After fulling the Fed with Euros, Yens, CAD$, SwissF, AUD$, NZDkiwis and the like at 20% discount, clever Ben... will eventually release the rest of these new USD$ back in the economy once the ink will have dried with the help of windfall from the ecomic stimuluses made in US and the world over. Thus after this depression we r in 4 about 3 to 5 years time, creating inflationary (rises in prices and salaries) pressure on the USD. From now on till then, the value of the USD$ (ie. it's purchasing power and trust), will fall; empovering all of the american people so the USA will be bailed out by picking up the Ben's tab on their hard earned $... But fleeing 2 gold, ( China want's 2 buy tons of it this year) might delay recovery and provoque even more pressure on the USD$, it parks and store value but it also makes wealth unavailable 4 developement and more wealth creation...

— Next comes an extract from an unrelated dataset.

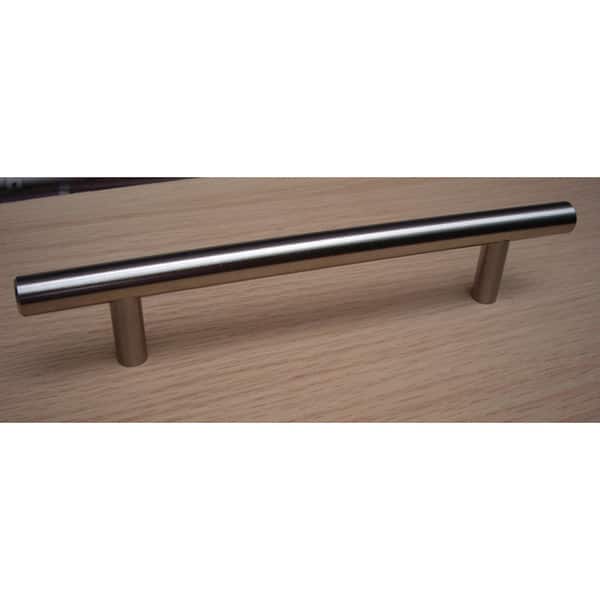 Shop Gliderite 7 Inch Solid Stainless Steel Finished Cabinet Bar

Tricky gamble Ben..., guess you will be tempted 2 cut that USD$ in half or more to pay back all these US-T-BIlls you r selling all over the planet while sequestring all these fresh USD just 2 create a market for these IOUs it will take generations and generations to pay back... Unless Obama uses the only 2 available levreage he has in cutting in the US Defense budget NOW and if he starts in a couple of years to actually taxe the US citizen making more than 250,000.00$ per year like he promised... So it will benefit all the people..., even these same over 250K$ per year that should be in line with the rest of the developped western world levels of taxation.... They will, in time, find that their additionnal taxe tab does lower their local crime rate in their cities and provide shelter for the needy so that they woun't have to pay all that additional security and useless costs for egocentric enclosed rich segragated community... Hey u never know till u try it!...loll..., this could be a win-win where even the NRA aficionados woun't need their guns 4 protection....
Good luck
Lew
This is neither rational nor feasible. But neither was TARP or Bush Jr's idea to cause tax deflation by handing you back your own money (Don't you feel richer after that?).